* **EXERCISE**: As soon as the line containing "Kaptafel - Make-up" appears in the material below, start returning lines exactly, and end with the line containing "Flowy Cotton-linen Midi".

* **RECORDS SHOWN**:
-- -- --

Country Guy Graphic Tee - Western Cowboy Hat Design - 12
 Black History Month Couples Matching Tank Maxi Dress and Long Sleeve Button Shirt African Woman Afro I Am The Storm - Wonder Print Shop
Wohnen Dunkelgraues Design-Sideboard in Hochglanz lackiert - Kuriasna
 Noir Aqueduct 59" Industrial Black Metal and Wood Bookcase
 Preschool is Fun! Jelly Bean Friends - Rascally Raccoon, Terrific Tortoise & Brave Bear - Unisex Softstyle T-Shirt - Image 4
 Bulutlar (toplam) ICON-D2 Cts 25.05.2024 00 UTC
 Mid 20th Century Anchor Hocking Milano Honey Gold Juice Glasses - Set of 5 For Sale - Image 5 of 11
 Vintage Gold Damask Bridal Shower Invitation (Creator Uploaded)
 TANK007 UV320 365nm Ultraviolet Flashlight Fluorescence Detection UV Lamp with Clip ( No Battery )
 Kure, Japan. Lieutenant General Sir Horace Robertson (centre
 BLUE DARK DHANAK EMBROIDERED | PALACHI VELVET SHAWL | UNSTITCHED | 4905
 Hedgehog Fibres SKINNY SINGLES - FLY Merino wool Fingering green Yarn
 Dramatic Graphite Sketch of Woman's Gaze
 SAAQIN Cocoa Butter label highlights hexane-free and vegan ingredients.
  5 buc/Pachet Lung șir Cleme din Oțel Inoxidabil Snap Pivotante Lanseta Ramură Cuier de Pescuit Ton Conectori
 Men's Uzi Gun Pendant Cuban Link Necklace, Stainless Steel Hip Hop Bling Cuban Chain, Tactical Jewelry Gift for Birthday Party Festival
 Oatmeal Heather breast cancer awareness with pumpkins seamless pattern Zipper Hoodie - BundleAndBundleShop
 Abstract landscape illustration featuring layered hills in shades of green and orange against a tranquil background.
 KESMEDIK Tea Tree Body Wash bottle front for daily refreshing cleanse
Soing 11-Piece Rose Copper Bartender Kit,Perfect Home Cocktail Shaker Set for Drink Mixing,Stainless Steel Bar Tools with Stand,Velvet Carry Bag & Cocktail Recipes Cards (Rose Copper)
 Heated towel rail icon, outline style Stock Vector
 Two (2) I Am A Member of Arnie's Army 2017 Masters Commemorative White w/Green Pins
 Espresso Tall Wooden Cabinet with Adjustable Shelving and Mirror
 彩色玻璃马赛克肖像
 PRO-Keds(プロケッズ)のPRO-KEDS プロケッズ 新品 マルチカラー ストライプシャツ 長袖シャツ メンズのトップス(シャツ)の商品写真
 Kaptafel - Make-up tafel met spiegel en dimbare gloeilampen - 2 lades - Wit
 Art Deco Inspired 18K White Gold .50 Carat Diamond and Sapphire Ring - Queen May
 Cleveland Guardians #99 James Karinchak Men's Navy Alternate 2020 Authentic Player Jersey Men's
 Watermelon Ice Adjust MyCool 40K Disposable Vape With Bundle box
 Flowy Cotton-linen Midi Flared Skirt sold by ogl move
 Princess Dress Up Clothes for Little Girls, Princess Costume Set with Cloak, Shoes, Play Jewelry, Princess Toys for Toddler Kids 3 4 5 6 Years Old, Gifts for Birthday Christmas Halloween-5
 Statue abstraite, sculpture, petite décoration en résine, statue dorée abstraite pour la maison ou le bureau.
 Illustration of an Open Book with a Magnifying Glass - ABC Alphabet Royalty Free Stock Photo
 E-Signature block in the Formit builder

-- -- --

* **RESULT FOR THIS TASK**:
 Kaptafel - Make-up tafel met spiegel en dimbare gloeilampen - 2 lades - Wit
 Art Deco Inspired 18K White Gold .50 Carat Diamond and Sapphire Ring - Queen May
 Cleveland Guardians #99 James Karinchak Men's Navy Alternate 2020 Authentic Player Jersey Men's
 Watermelon Ice Adjust MyCool 40K Disposable Vape With Bundle box
 Flowy Cotton-linen Midi Flared Skirt sold by ogl move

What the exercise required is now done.